Below are 27 pairings we were able to trace back to the specific reference. Each entry names the look, the artwork, the museum that holds the original (when public), and the smallest visible thing that connects them — a strap, a palette, a posture, an outline. Where the same reference shows up more than once (Sargent's Madame X four times, Klimt twice, two different Van Goghs), we've grouped them. Where the reference is more obscure than the celebrity (Caroline Wogan Durieux, Robert Pruitt, Laura Wheeler Waring, Rachel Ruysch), we've kept the museum line short and let the painter's name carry the weight.
The references below were sourced from People's red-carpet roundup of the gala plus public collection pages at the Met, the Louvre, MoMA, the Getty, the National Gallery in London, the Art Institute of Chicago, the National Portrait Gallery, the National Gallery of Art (D.C.) and the Neue Galerie New York. Where a Wikimedia file is the cleanest available scan, we've cited that.
The Sargent Sisterhood
Four women came as Madame X. The painting is John Singer Sargent's Portrait of Madame X (1883–84), now in the Met's European Paintings collection — a black satin sheath, a single jeweled strap, and a face turned away from the viewer. When Sargent first showed it at the 1884 Paris Salon the right strap was painted falling off the shoulder; the scandal effectively ran him out of Paris and to London, where he repainted the strap upright. Three of the four interpretations below put the strap back where Sargent first painted it.
03
Lauren Sánchez Bezos · John Singer Sargent, Portrait of Madame X (1883–84)
The Metropolitan Museum of Art
The look. A black satin column, low square neckline, single jeweled strap on the right shoulder painted in the original fallen position — the closest of the four reads to Sargent's first 1884 hang.
The match. The right-shoulder strap sits in Sargent's original (scandalised) position, not the corrected upright version that hangs in the Met today. The skin is powdered to the same lavender-pearl Sargent used on Madame Gautreau.
The art. Madame X is Virginie Amélie Avegno Gautreau, a New Orleans–born Paris socialite. Sargent painted her without commission across two sittings; the Salon-version strap was repainted vertical only after the Paris press destroyed both sitter and painter.
15
Rosie Huntington-Whiteley · John Singer Sargent, Portrait of Madame X (1883–84)
The Metropolitan Museum of Art
The look. Black silk-velvet column, hand-on-tabletop posture borrowed straight from the painting; a deeper neckline than Sánchez's, no visible strap.

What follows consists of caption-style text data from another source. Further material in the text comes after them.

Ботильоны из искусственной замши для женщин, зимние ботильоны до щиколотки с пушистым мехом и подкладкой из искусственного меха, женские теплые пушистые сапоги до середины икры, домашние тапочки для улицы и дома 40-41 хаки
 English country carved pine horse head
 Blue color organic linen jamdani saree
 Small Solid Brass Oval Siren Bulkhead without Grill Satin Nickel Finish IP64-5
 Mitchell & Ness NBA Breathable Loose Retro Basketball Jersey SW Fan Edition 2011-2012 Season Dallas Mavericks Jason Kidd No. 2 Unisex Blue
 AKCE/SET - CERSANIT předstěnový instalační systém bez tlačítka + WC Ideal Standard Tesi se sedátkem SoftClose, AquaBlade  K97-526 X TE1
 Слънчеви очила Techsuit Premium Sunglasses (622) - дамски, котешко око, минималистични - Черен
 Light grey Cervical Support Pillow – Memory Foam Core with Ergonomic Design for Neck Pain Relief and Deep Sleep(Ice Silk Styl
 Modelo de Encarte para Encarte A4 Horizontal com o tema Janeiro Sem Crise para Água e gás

The match. Stance over costume — Huntington-Whiteley copies Madame Gautreau's awkward right-arm-on-table angle, the detail Sargent's contemporaries called affected. The fabric reads silk velvet rather than the painting's satin, but the silhouette is unmistakable.
The art. Sargent painted at least 30 preparatory studies before the final canvas; in the studies, the strap migrates between three different positions before settling on the falling one he showed at the Salon.
19
Julianne Moore · John Singer Sargent, Portrait of Madame X (1883–84)
The Metropolitan Museum of Art
The look. Charcoal-black satin with a draped dropped shoulder; less literal than the other three Madame X reads — the colour and surface sheen do the citation work.
The match. The painting's surface — Sargent's wet-on-wet satin handling, where the dress reads as solid black mass with a single highlight — is what Moore's gown reproduces, not the strap or the pose.
The art. When Sargent's painting reached the Met in 1916, the museum specifically asked him not to identify the sitter; Madame Gautreau's family was still alive, and the Salon scandal had never been allowed to die quietly.
21
Claire Foy · John Singer Sargent, Portrait of Madame X (1883–84)
The Metropolitan Museum of Art
The look. Crisp black satin, two thin jeweled straps (corrected — both up), a tighter waist than Madame Gautreau's silhouette but the same neckline geometry.
The match. Foy's interpretation is the only one that mirrors the corrected painting hanging at the Met today rather than the 1884 Salon version. Both straps upright, no scandal.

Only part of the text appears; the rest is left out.